Where the nursery used to stand is now a wild, green area. Piet looks out over it from his studio. ‘We call it the wild meadow,’ he says. ‘I’ve done nothing to it for eleven years. It works because all the plants are equally vigorous. The middle section is an experiment. I watch to see which plants survive amidst all the weeds and how long can they withstand certain aggressive grasses. In the gardens I design anything aggressive is immediately pulled out, so normally I don’t get to witness this process.’

There are terracotta pots with pens and pencils on his workbench as well as a large sheet of paper on which he is drawing the design for his Wisley Garden for the Royal Horticultural Society. ‘There was a straight path, which has become meandering. It makes it more like a real Piet Oudolf garden.’ The drawing looks like an exciting piece of art. Flowingly forming areas full of brightly coloured, sinuous smaller areas filled with stars, stripes, circles and letters which all stand for different plant groupings. Gallery owner Iwan Wirth, who perhaps has the most beautiful Oudolf garden in the world at his gallery Hauser & Wirth in Somerset in the UK, found his sketches so ‘sexy’ that he exhibited them.

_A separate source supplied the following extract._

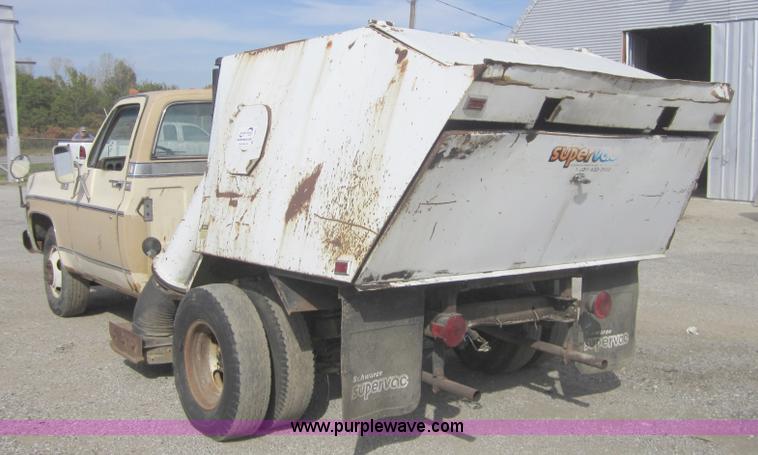 image for item C5061 1978 GMC 35 camper special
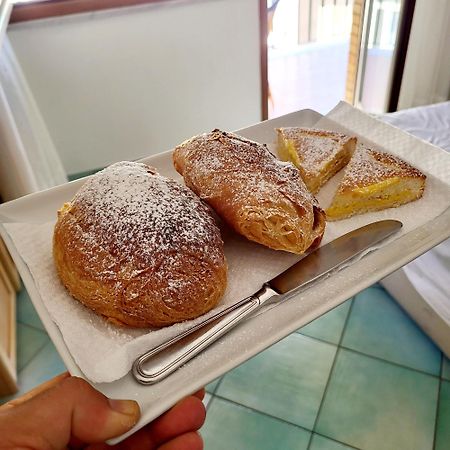 La Casa Delle Stelle Bed & Breakfast Maiori Ngoại thất bức ảnh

The same is happening in Schunck Art Centre in Heerlen, where the work of both Oudolf and landscape architectural practice LOLA is stunningly being exhibited.

Putting his sketches on display means that everyone can copy his work directly, but this does not bother him. ‘I really enjoy the fact that people use my work’, he smiles, ‘besides, you can always see the difference. To carry the work out as I would have, you have to really understand plants and able to instinctively know when to take something out or maybe add to the planting. It really is a difficult profession. After forty years there are times when I still don’t know exactly how it works.’

His latest garden design is realized around the campus of the Vitra Museum in Germany. Oudolf shows images of the pretzel-like shape on his computer. ‘You have to be able to just hang out in a garden and then you come up with this sort of wandering shapes. You look at the garden from different angles.’ But then again, this does not apply to another project in the making, a garden on an abandoned stretch of railway track in Camden Town. This is going to be a sort of High Line project but narrower. This is a commission close to his heart because so many people who would not normally have much contact with plants will walk along it.


dissappointed

Although the whole world talks about being green and biodiverse, the theory is not always put into practice. Actually some of his gardens are badly maintained. ‘All kinds of promises are made. But, particularly in recent years, I have been very disappointed by the lack of understanding and knowledge people have of the plants that they have to look after. Horticulturalists who don’t even know what a molinia (a type of decorative grass) looks like! Although there are willing volunteers everywhere, they need to be properly supervised and trained.’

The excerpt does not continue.